### ABOUT THIS EXERCISE
Nothing may be left out or changed. Print every entry.

### THE DATA
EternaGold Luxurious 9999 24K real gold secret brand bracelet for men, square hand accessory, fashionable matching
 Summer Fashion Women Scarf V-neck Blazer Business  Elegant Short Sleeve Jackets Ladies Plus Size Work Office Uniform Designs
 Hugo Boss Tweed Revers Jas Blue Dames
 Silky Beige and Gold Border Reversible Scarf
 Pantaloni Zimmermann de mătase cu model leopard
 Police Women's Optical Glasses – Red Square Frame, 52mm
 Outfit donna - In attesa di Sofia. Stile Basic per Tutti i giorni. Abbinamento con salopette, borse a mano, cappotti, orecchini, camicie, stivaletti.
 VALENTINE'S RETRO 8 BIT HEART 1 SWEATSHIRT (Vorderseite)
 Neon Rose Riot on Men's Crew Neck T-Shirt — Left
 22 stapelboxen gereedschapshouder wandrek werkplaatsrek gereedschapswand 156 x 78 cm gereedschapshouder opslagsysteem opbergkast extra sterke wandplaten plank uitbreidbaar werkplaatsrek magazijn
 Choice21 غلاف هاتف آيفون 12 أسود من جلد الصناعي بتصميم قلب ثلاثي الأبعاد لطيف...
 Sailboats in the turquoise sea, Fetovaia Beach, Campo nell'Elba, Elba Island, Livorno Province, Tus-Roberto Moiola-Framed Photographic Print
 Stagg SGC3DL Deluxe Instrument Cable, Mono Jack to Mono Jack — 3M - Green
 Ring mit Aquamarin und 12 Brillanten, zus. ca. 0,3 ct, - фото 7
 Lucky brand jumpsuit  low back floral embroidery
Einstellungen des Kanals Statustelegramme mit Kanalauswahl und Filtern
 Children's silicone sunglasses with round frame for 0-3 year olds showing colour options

### SOLUTION TO THIS TASK
EternaGold Luxurious 9999 24K real gold secret brand bracelet for men, square hand accessory, fashionable matching
 Summer Fashion Women Scarf V-neck Blazer Business  Elegant Short Sleeve Jackets Ladies Plus Size Work Office Uniform Designs
 Hugo Boss Tweed Revers Jas Blue Dames
 Silky Beige and Gold Border Reversible Scarf
 Pantaloni Zimmermann de mătase cu model leopard
 Police Women's Optical Glasses – Red Square Frame, 52mm
 Outfit donna - In attesa di Sofia. Stile Basic per Tutti i giorni. Abbinamento con salopette, borse a mano, cappotti, orecchini, camicie, stivaletti.
 VALENTINE'S RETRO 8 BIT HEART 1 SWEATSHIRT (Vorderseite)
 Neon Rose Riot on Men's Crew Neck T-Shirt — Left
 22 stapelboxen gereedschapshouder wandrek werkplaatsrek gereedschapswand 156 x 78 cm gereedschapshouder opslagsysteem opbergkast extra sterke wandplaten plank uitbreidbaar werkplaatsrek magazijn
 Choice21 غلاف هاتف آيفون 12 أسود من جلد الصناعي بتصميم قلب ثلاثي الأبعاد لطيف...
 Sailboats in the turquoise sea, Fetovaia Beach, Campo nell'Elba, Elba Island, Livorno Province, Tus-Roberto Moiola-Framed Photographic Print
 Stagg SGC3DL Deluxe Instrument Cable, Mono Jack to Mono Jack — 3M - Green
 Ring mit Aquamarin und 12 Brillanten, zus. ca. 0,3 ct, - фото 7
 Lucky brand jumpsuit  low back floral embroidery
Einstellungen des Kanals Statustelegramme mit Kanalauswahl und Filtern
 Children's silicone sunglasses with round frame for 0-3 year olds showing colour options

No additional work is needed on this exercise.